Bee Keeping and Coffee Production as Potential Alternative Livelihoods for Coffee Farmers in Sheema District

Authors

  • Nicodemus Bamuhangaine Bishop Stuart University, P.O.BOX 09 Mbarara, Uganda, Faculty of Agriculture, Environmental Sciences and Technology, Bishop Stuart University, Mbarara, Uganda
  • Edward Ssemakulab Faculty of Agriculture, Environmental Sciences and Technology, Bishop Stuart University, Mbarara, Uganda
  • Davidlivingstone B Bahame Faculty of Agriculture, Environmental Sciences and Technology, Bishop Stuart University, Mbarara, Uganda
  • Ferdinand Aine Faculty of Agriculture, Environmental Sciences and Technology, Bishop Stuart University, Mbarara, Uganda

Keywords:

Bee keeping, livelihoods, integration

Abstract

To ensure sustainable living standards for coffee farmers, integrating coffee plantations with bee keeping would be a potential alternative livelihood option since beekeeping contributes additional incomes from the sale of honey and other bee products without compromising coffee production. Therefore, the study aimed at assessing the contribution of integrating coffee and bee keeping to coffee farmers’ incomes, attitude and perception of farmers on integrating coffee with bee keeping, technologies coffee farmers use while  integrating coffee with bee keeping and the challenges  farmers face while integrating bee keeping. The study utilized a cross section research design and a sample of 210 respondents was chosen using simple random sampling and questionnaire, interviews and observation were used to collect primary data from the respondents.  It was established that adoption of bee keeping integration resulted in an improvement in income from 6.7% in 2020 to 7.1% in 2021 and this was statistically significant (P<0.05). Farmers had a positive perception of integrating bee keeping with coffee and majority perceived it as source of additional income, require few resources to commence, the necessary skills can be quickly transferred, hives are made from local resources and not labour intensive 210 (100%).
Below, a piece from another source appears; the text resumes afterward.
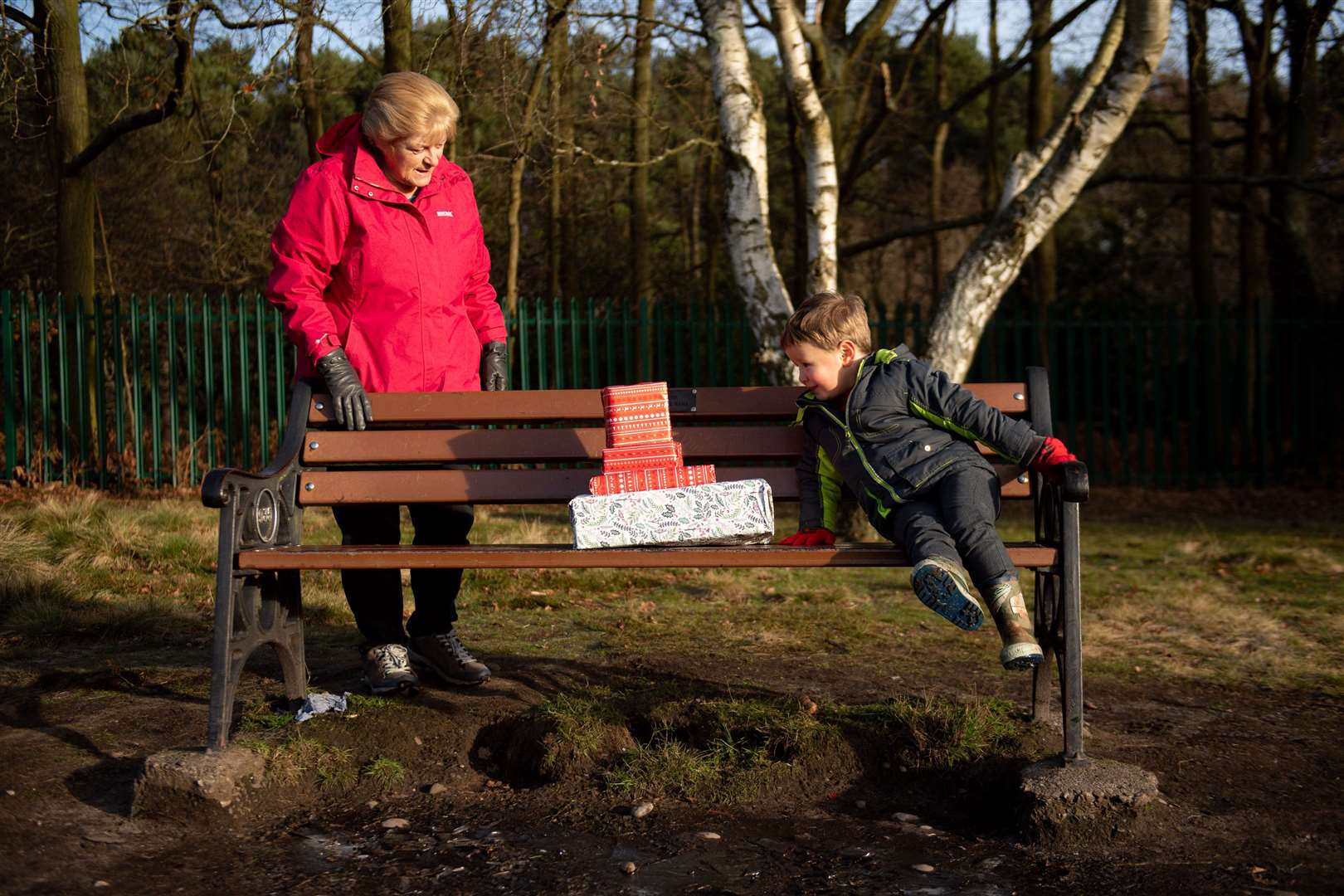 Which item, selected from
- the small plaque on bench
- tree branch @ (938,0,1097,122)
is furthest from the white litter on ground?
tree branch @ (938,0,1097,122)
The study findings also established that most farmers were not using innovative technologies and the major technologies farmers were using included; possession of top bar or Langstroth p=0.022, provision of supplemental feeds p=0.04 and engaging in bee pollination services and pollen collection p=0.046 as compared with the time spent while integrating bee keeping in coffee plantations.
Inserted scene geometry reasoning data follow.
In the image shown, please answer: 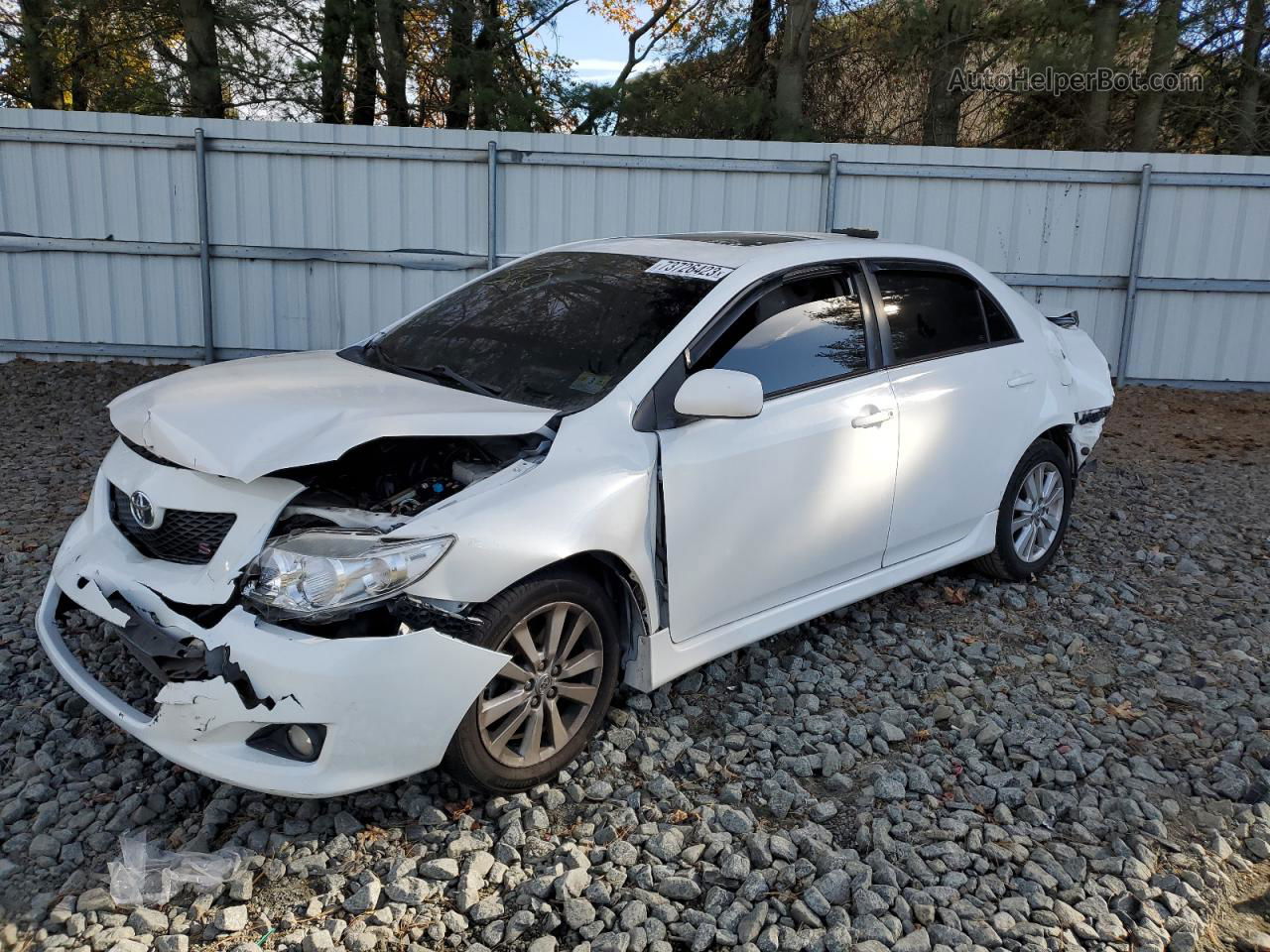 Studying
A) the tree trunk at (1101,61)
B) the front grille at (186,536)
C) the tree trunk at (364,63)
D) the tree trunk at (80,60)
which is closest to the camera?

The study further established the challenges farmers face while integrating coffee with bee keeping as; poor management skills, shortage of honey forage, diseases pests and predators, lack of awareness about valuable contribution of bees, lack of trainers and training opportunities, lack of new research information, inadequate bee keeping equipment, price fluctuations and lack of grading system, bee hive theft, weak producer organizations and lack of clear policies to protect the producers from pesticide poisoning. The study recommended provision of constant trainings, formulation of participatory policy that would encourage conservation of pollinators and farmers to be equipped with knowledge and tools to enable them to make informed decisions.

References

. Mujuni, A., Natukunda, K., & Kugonza, D. R. (2012). Factors affecting the adoption of beekeeping and associated technologies in Bushenyi District, Western Uganda. Development, 24(08), 1-19.

. Albers, H. J., & Robinson, E. J. (2011). The trees and the bees: using enforcement and income projects to protect forests and rural livelihoods through spatial joint production. Agricultural and resource economics review, 40(3), 424-438.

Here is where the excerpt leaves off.